Sharing page tables with mshare()

By Jonathan Corbet
May 17, 2022

The Linux kernel allows processes to share pages in memory, but the page tables used to control that sharing are not, themselves, shared; as a result, processes sharing memory maintain duplicate copies of the page-table data. Normally this duplication imposes little overhead, but there are situations where it can hurt. At the 2022 Linux Storage, Filesystem, Memory-management and BPF Summit (LSFMM), Khaled Aziz (remotely) and Matthew Wilcox led a session to discuss a proposed mechanism to allow those page tables to be shared between cooperating processes.

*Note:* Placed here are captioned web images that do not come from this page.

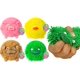 thumbnail image 1 of Pelotas Antiestrés Puffy Pets Aromatizadas a Chicle x4, 1 of 7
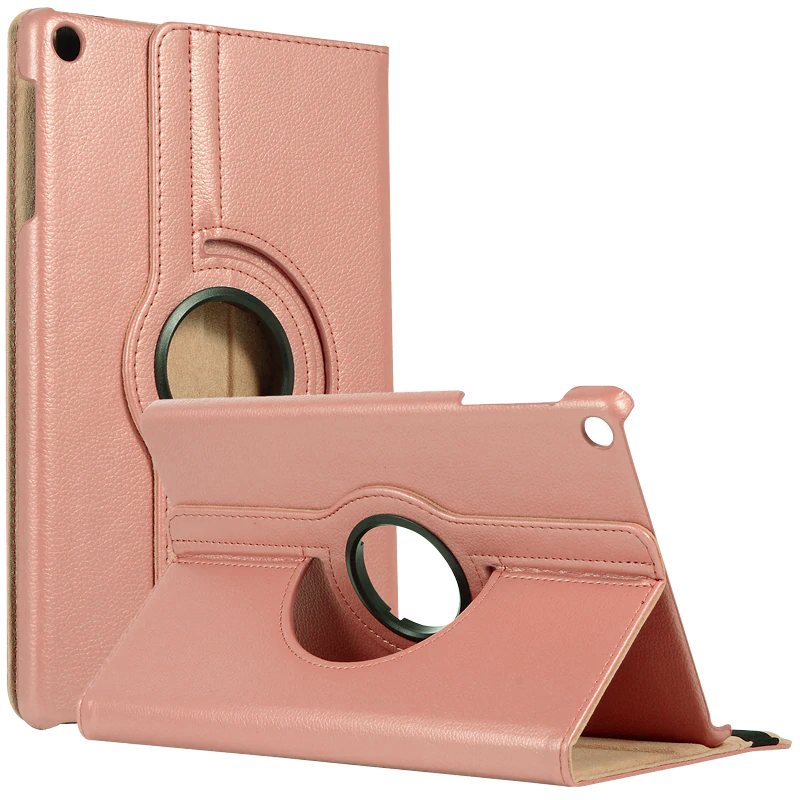 Rotating Folio Case for Samsung Tablet Tab A9 8.7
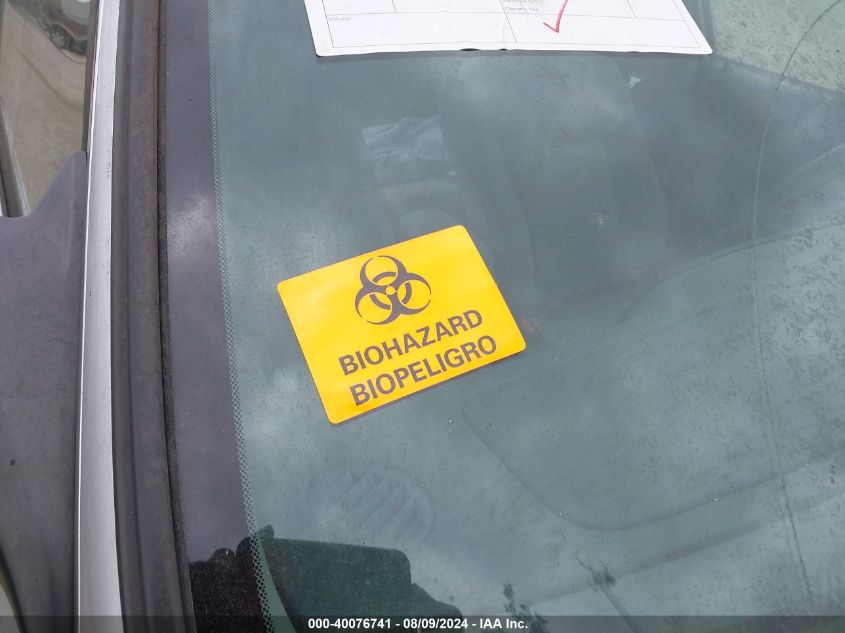 1999 Honda Civic Lx VIN: 1HGEJ6674XL002757 Lot: 40076741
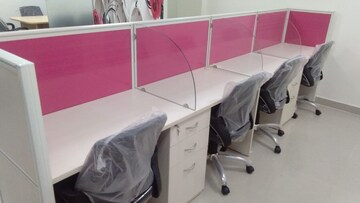 Team Area in  Office Space at Sector 63 – for Rent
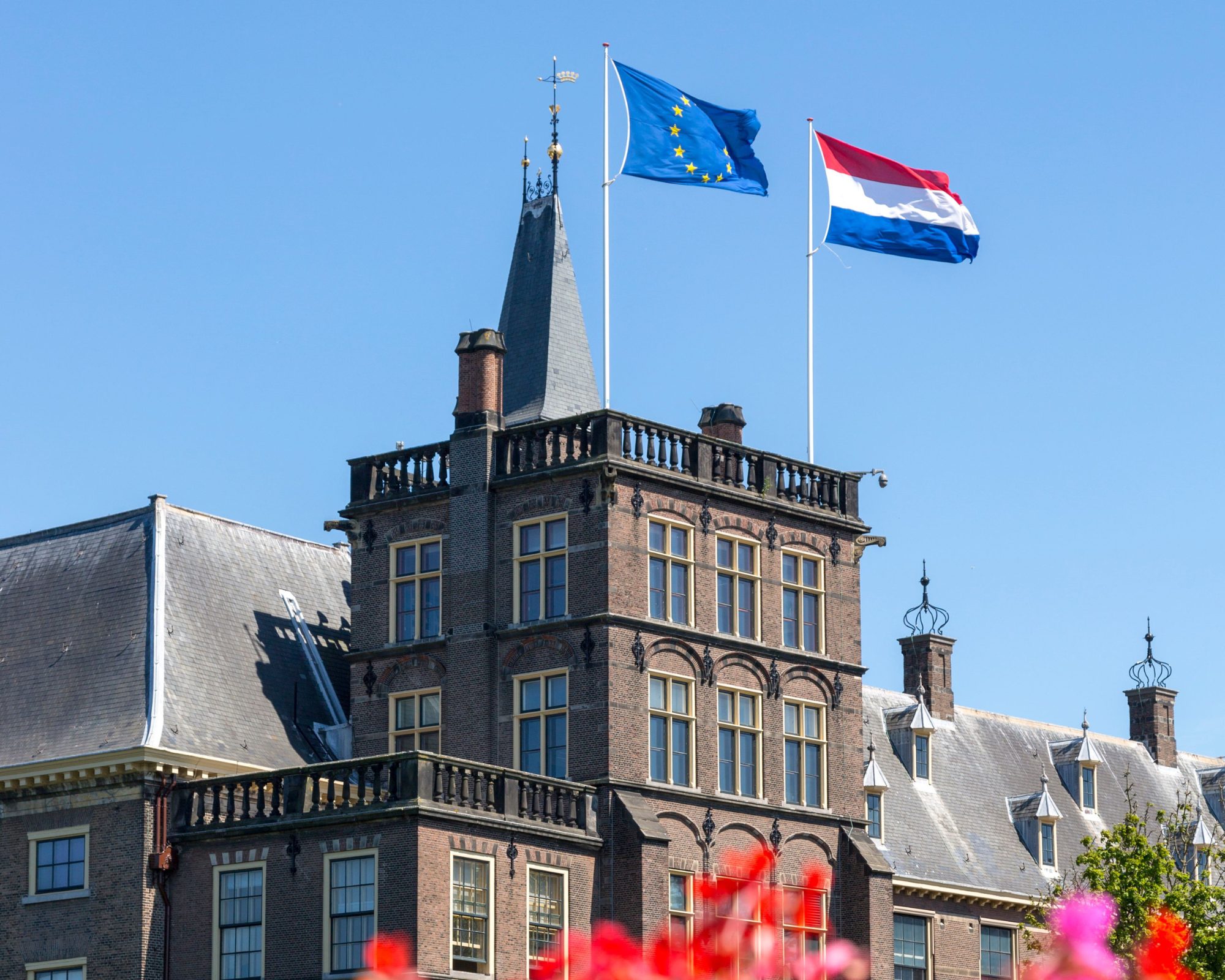 Prinsjesdag 2026: wat verandert er in 2027 voor ondernemers?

Some `mshare()` background

There was not much discussion of the motivation for this work or the proposed API in this session, which was focused on implementation. That information can be found, though, in this patch set posted in April. Eight bytes of page-table entry per page is not much overhead — until you have thousands of processes sharing the page, at which point the space taken by page tables is more than the shared page itself. There are applications out there that run that many processes, so there is a desire to reduce the overhead of non-shared page tables.

The proposal is a pair of new system calls, the first of which is mshare():

    int mshare(char *name, void *addr, size_t length, int oflags, mode_t mode);

A process wanting to share a range of memory (along with the page tables) will first create a region, probably with mmap(); this region must be aligned to a 512GB boundary. The call to mshare() provides the address and size of this region, along with a name to identify it. This call, if successful, will create a file with the given name under /sys/fs/mshare that, when read, will provide the given addr and length values.

Any other process that wishes to share this region of memory will start by opening that file and reading the associated address and size; it can then call mshare() with that information to set up the mapping. The permissions on the file in /sys/fs/mshare control the access to this region. The mapping shares the memory, but also the page tables that control it. As a result, any changes to those page tables, with mmap() or mprotect() for example, will affect all processes that are sharing the region.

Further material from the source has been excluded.